== TASK DETAILS ==
Everything from the line that holds "Climate change activists" through the end of the listing below must be retyped word for word, without any pictures.

======== GIVEN DATA

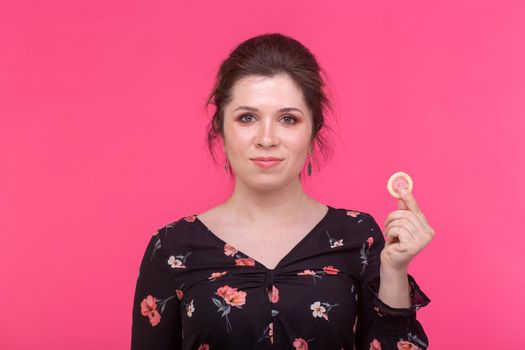 Safe sex, health and contraception concept - woman holding in hands a condom on pink background
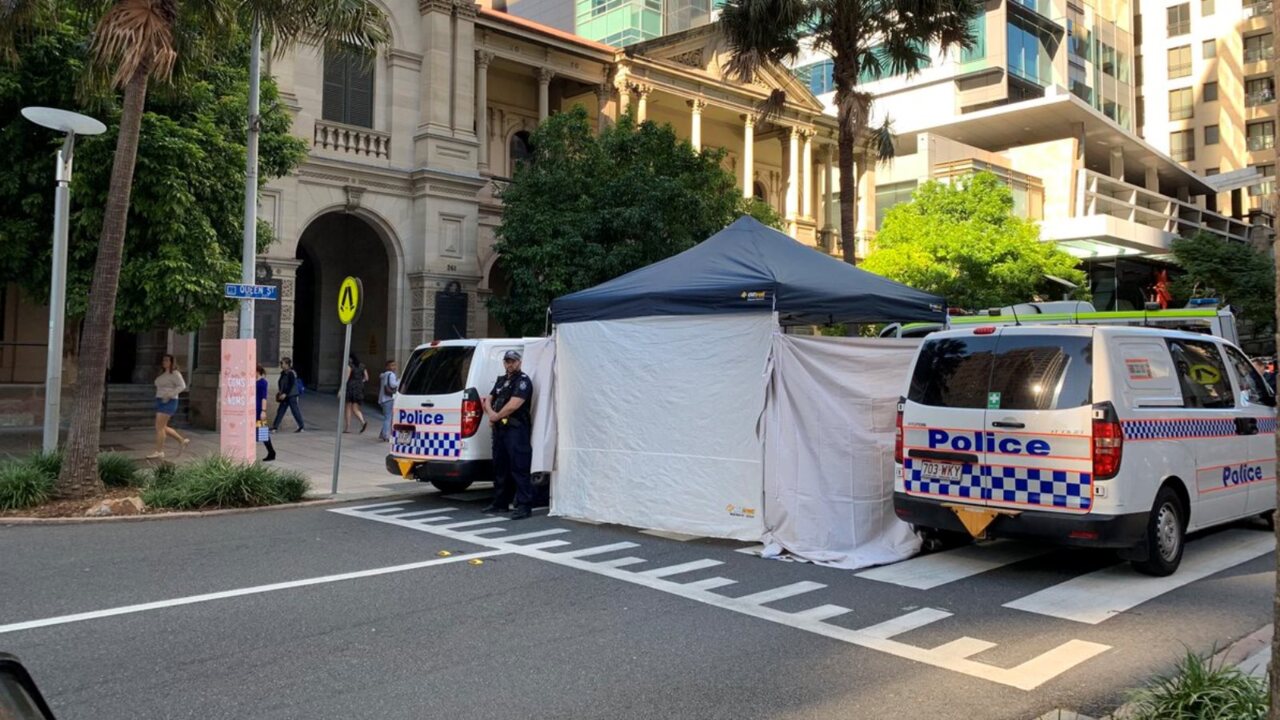 Climate change activists glue themselves to busy Brisbane street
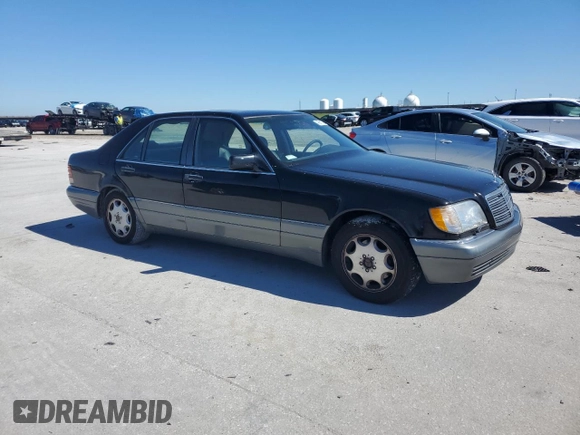 1995 Mercedes-Benz S 320 with VIN WDBGA32E7SA235612, listed as a Copart auction lot 46911705 with 119,900 mi miles and Clean Title. Bid and sale history available at DreamBid. Image 4.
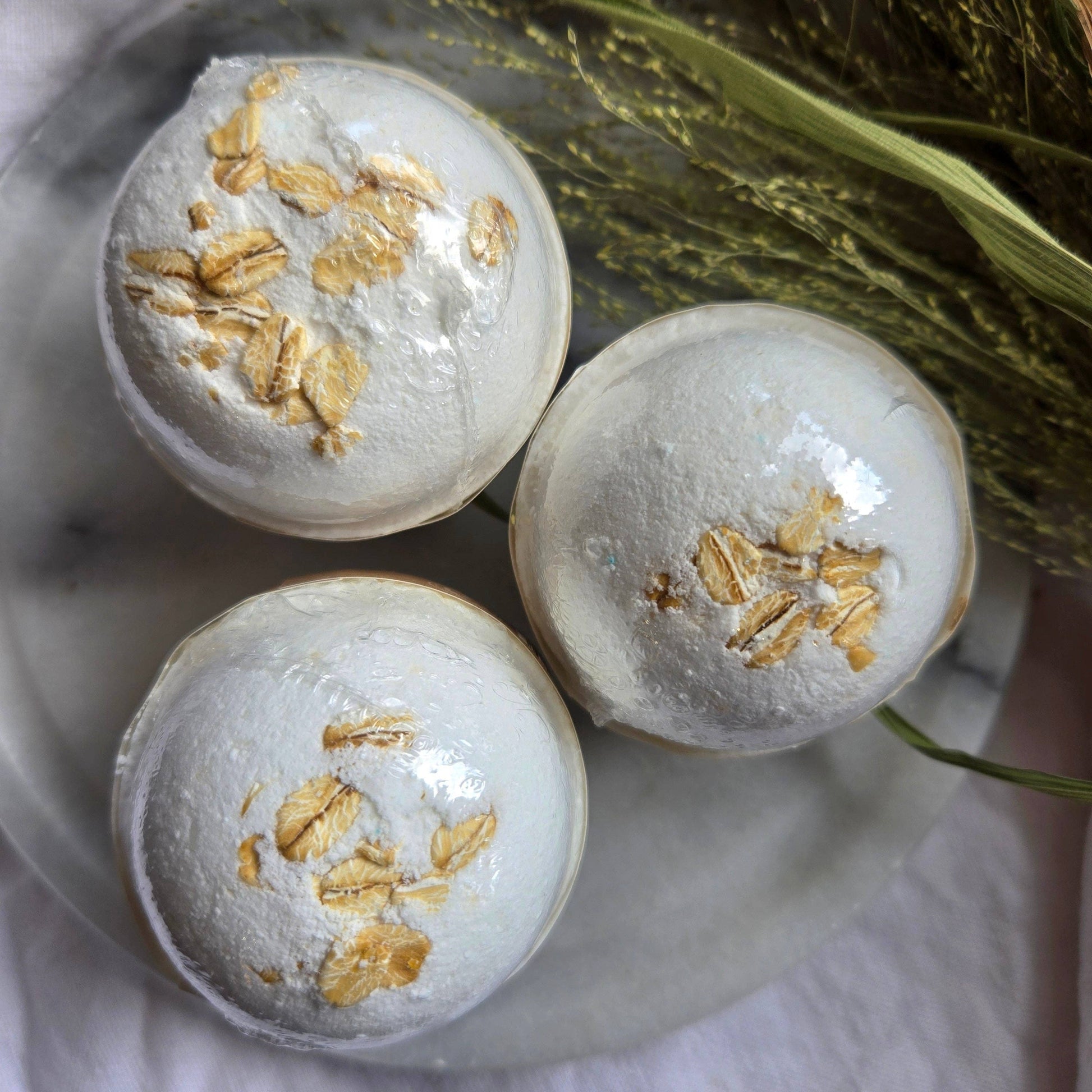A trio of Oat & Honey bath bombs, which are white bath bombs topped with oats.
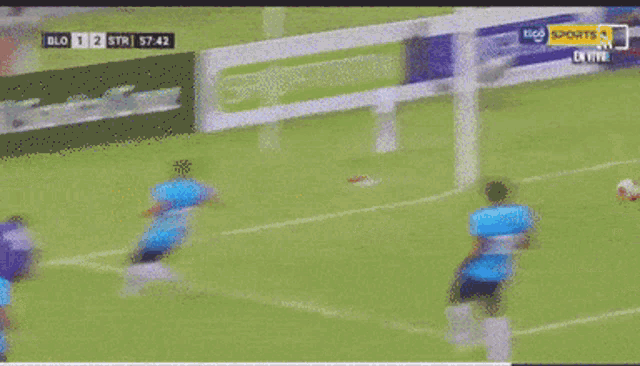 a soccer game is being played in front of a tico sports banner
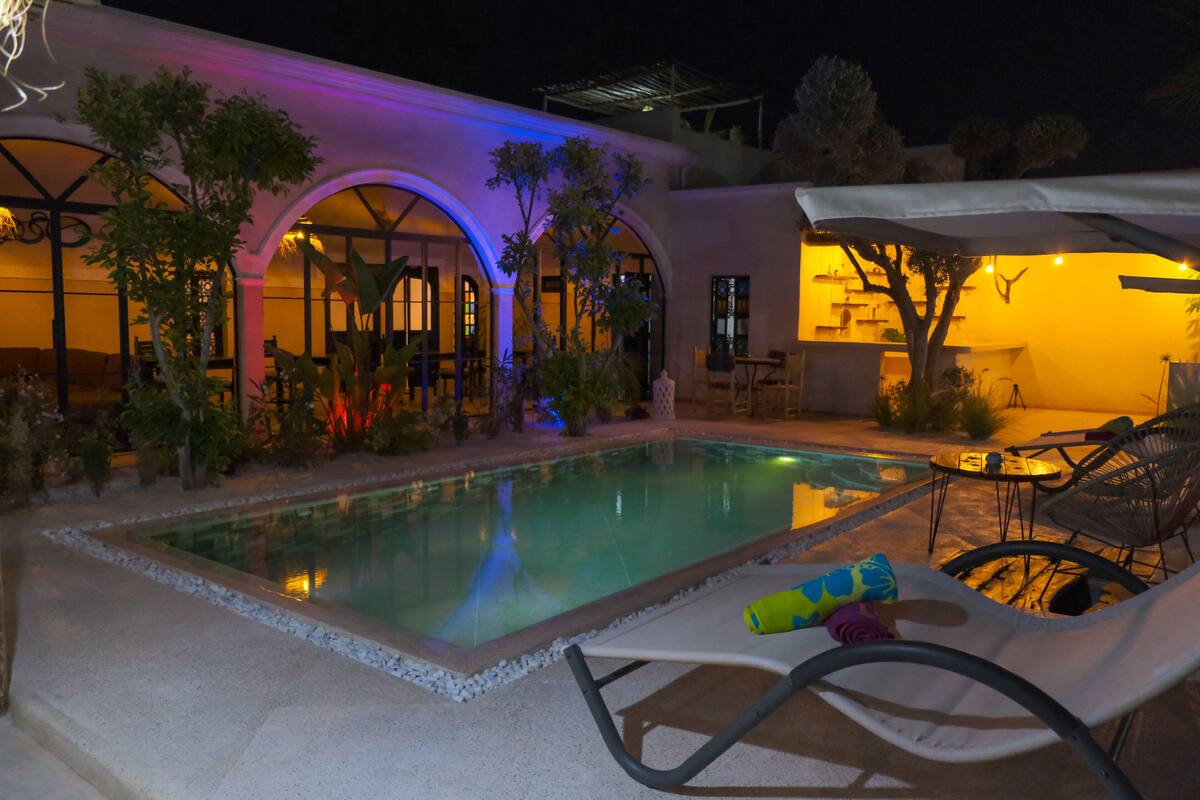 A pool area with lounge chairs and umbrellas, surrounded by a building with arched windows and a covered patio.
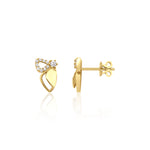 yellow gold wing stud earrings with pave stones on white background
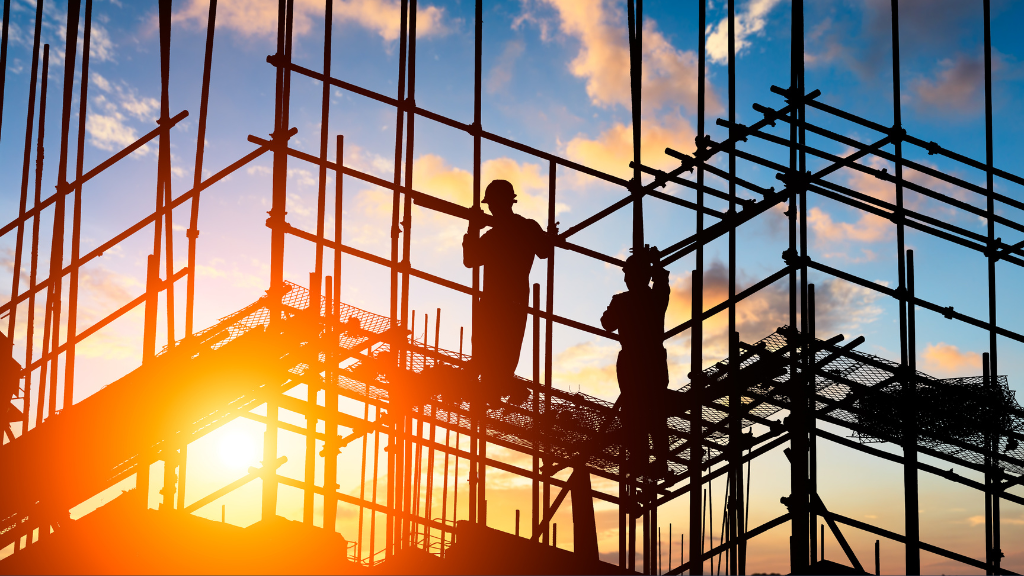 construction site scaffolding in silhouette with two people standing on it. Sun is low in the sky, a firey orange to suggest fire risks.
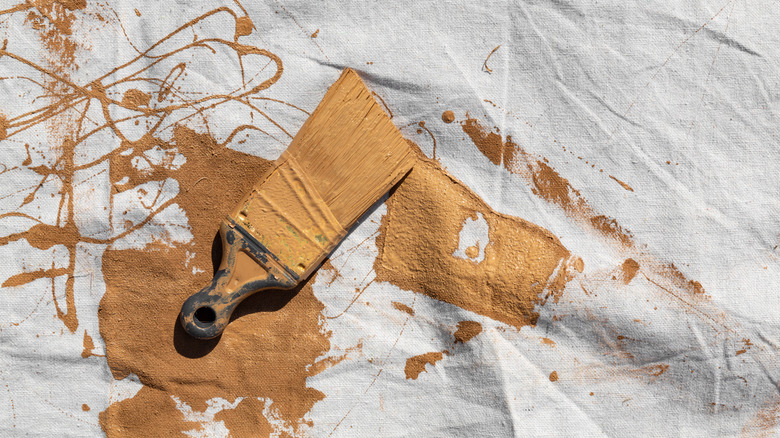 Painting tarp with brown paint and brush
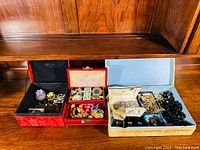 Overview of three boxes containing assorted estate jewelry pieces including brooches, rings, earrings, necklaces, and bracelets in various colors and materials.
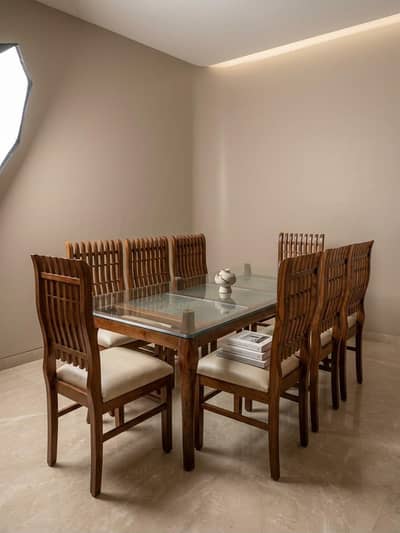 dinning table with wooden chairs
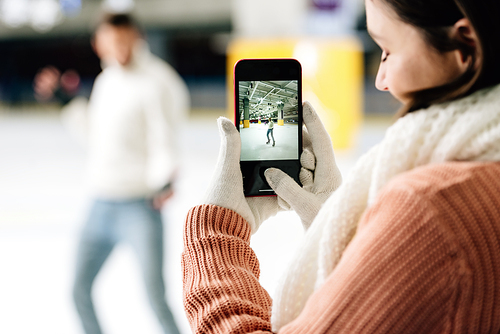 selective focus of beautiful woman taking photo of man on smartphone on skating rink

================

== FINAL ANSWER ==
 Climate change activists glue themselves to busy Brisbane street
 1995 Mercedes-Benz S 320 with VIN WDBGA32E7SA235612, listed as a Copart auction lot 46911705 with 119,900 mi miles and Clean Title. Bid and sale history available at DreamBid. Image 4.
A trio of Oat & Honey bath bombs, which are white bath bombs topped with oats.
 a soccer game is being played in front of a tico sports banner
 A pool area with lounge chairs and umbrellas, surrounded by a building with arched windows and a covered patio.
 yellow gold wing stud earrings with pave stones on white background
 construction site scaffolding in silhouette with two people standing on it. Sun is low in the sky, a firey orange to suggest fire risks.
 Painting tarp with brown paint and brush
 Overview of three boxes containing assorted estate jewelry pieces including brooches, rings, earrings, necklaces, and bracelets in various colors and materials.
 dinning table with wooden chairs
 selective focus of beautiful woman taking photo of man on smartphone on skating rink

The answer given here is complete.